**** SOURCE MATERIAL

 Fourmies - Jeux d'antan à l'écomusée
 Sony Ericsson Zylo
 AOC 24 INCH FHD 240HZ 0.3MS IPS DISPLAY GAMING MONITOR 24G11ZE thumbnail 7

********
**** SOURCE MATERIAL

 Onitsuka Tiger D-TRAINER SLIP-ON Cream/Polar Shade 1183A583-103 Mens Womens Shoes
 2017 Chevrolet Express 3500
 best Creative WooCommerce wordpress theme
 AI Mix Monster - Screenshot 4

********
**** SOURCE MATERIAL

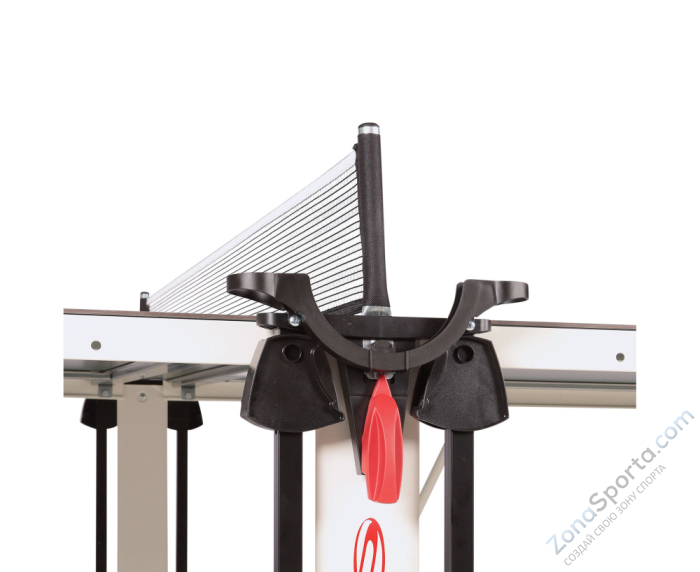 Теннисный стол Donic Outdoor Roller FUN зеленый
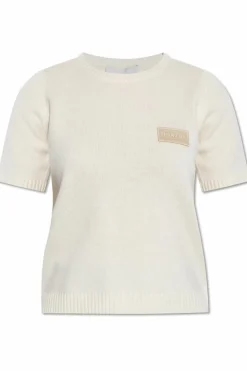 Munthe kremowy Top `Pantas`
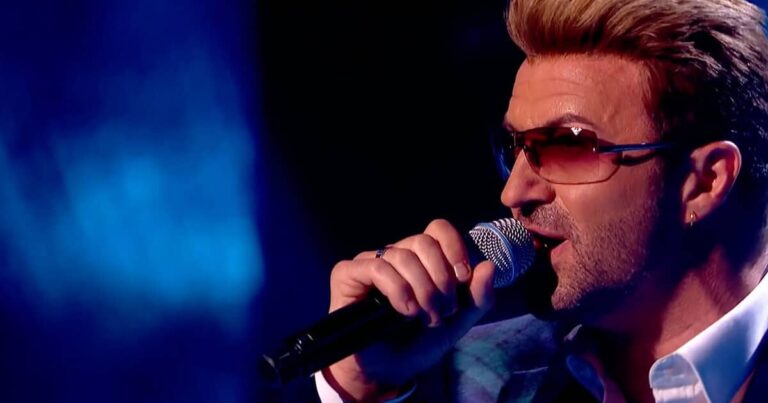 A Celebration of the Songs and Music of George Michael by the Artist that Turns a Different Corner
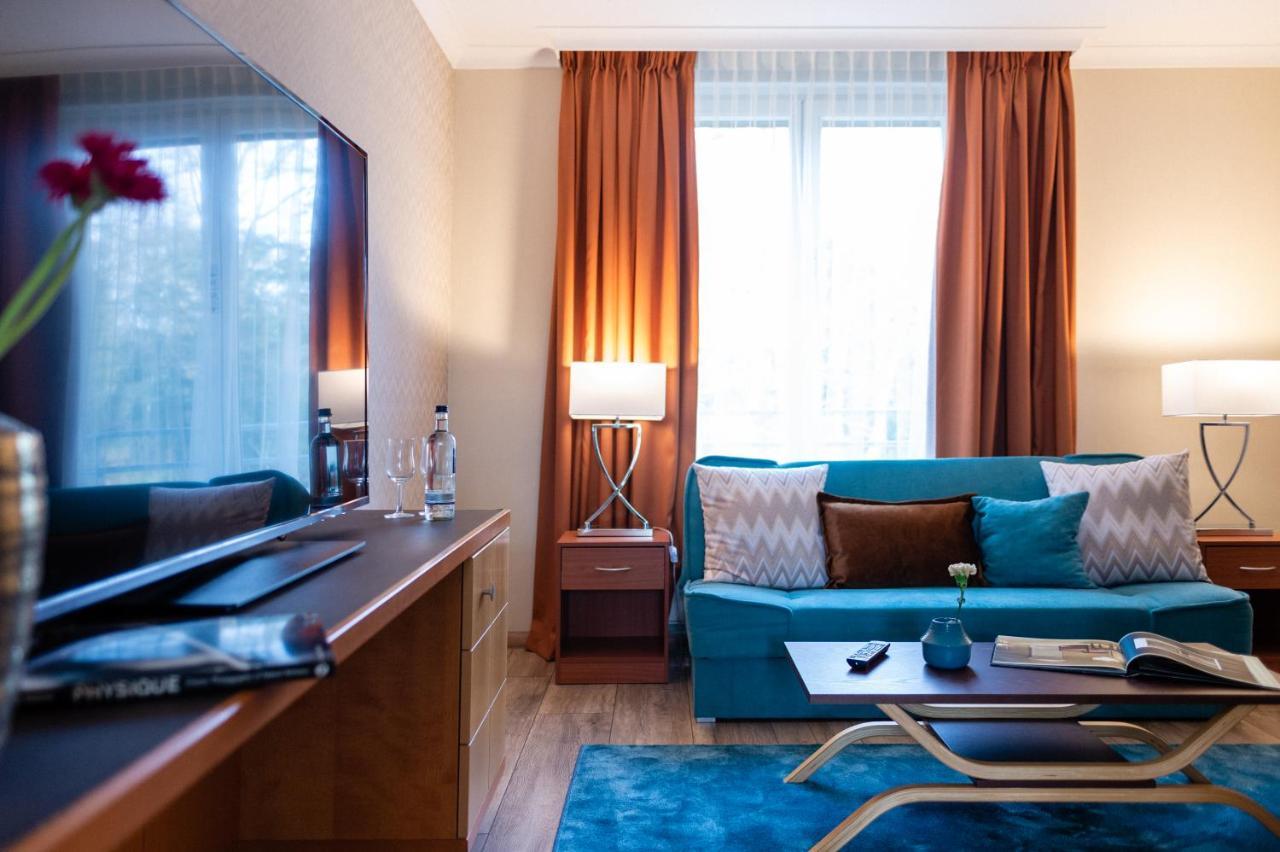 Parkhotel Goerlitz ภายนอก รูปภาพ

********

◆ AIM OF THE TASK ◆
Going back over the entries above, copy word for word every line from the one that has "Fourmies - Jeux d'antan à l'écomusée" on through the one that has "AOC 24 INCH".

◆ YOUR SOLUTION ◆
 Fourmies - Jeux d'antan à l'écomusée
 Sony Ericsson Zylo
 AOC 24 INCH FHD 240HZ 0.3MS IPS DISPLAY GAMING MONITOR 24G11ZE thumbnail 7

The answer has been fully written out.